The still faces of students watched as firemen cut off the roof of the pickup to extricate Thomas, who later “died” at the scene. Coroners zipped Thomas and “DOA” victim Palazzolo into body bags.

Thomas said the impact of playing the victim hit home.

“Especially when I was put in the body bag with a sheet over my head,” she said. “‘Oh my gosh.’ It’s somewhere I never want to be.”

Organizers, including the local chapter of Mothers Against Drunk Driving, hope students will take the “don’t drink and drive” message with them as spring break begins next week.

Junior Patrick Miller said that although he believes students are not as “ignorant” about drinking as portrayed in the dialogue, “It made me feel like I don’t want to go drink and drive.”

“When they cut off the roof of the car, that was pretty intense,” ninth-grader Stuart Thomas said. “(To think that you) can go to jail for life because you murdered someone,” alluding to the “drunk driver” who was cuffed and taken away by police.

Sophomore Callan Cobb called the mock-crash “scary,” and said he “kept putting my friends (into the scene).

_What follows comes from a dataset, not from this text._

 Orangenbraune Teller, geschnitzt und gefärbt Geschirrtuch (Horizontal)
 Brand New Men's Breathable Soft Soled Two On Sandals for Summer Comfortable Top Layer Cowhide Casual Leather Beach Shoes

It totally made me think of the choices (we make).”

Injury “victim” senior Eric Vanbuskirk said, “It was pretty intense. It’s an amazing experience to be strapped to the board and taken away in an ambulance. Definitely makes you think twice.”

Last year on Kitsap roads there were 22 fatalities, of which 15 were alcohol-related, Sheriff’s Deputy Russ Clithero said. Most often, the driver is a white male age 16-24 years old.

The mock crash was the first ever staged at Bainbridge High School, and was produced through cooperation of the Bainbridge Island School District, the BHS Student Leadership Class, the Bainbridge Island police and fire departments, Kitsap County Sheriff’s Office, Kitsap Coroner’s office and MADD. Gateway Towing provided wrecked vehicles for the event.

Marsha Masters, president of MADD of Kitsap County, said that Olympic High School has staged similar mock crashes every year since 1995. “They haven’t had an alcohol-related fatalities since then,” she said.

Bainbridge Police Officer Rob Corn said he hopes students leave with an understanding that drunk driving “has a wider effect than just those involved.”

“If you’re charged with vehicular homicide at 16 and your best friend (sitting in the car) next to you is dead,” Carpenter said, “the effects of drinking and driving can last a lifetime.”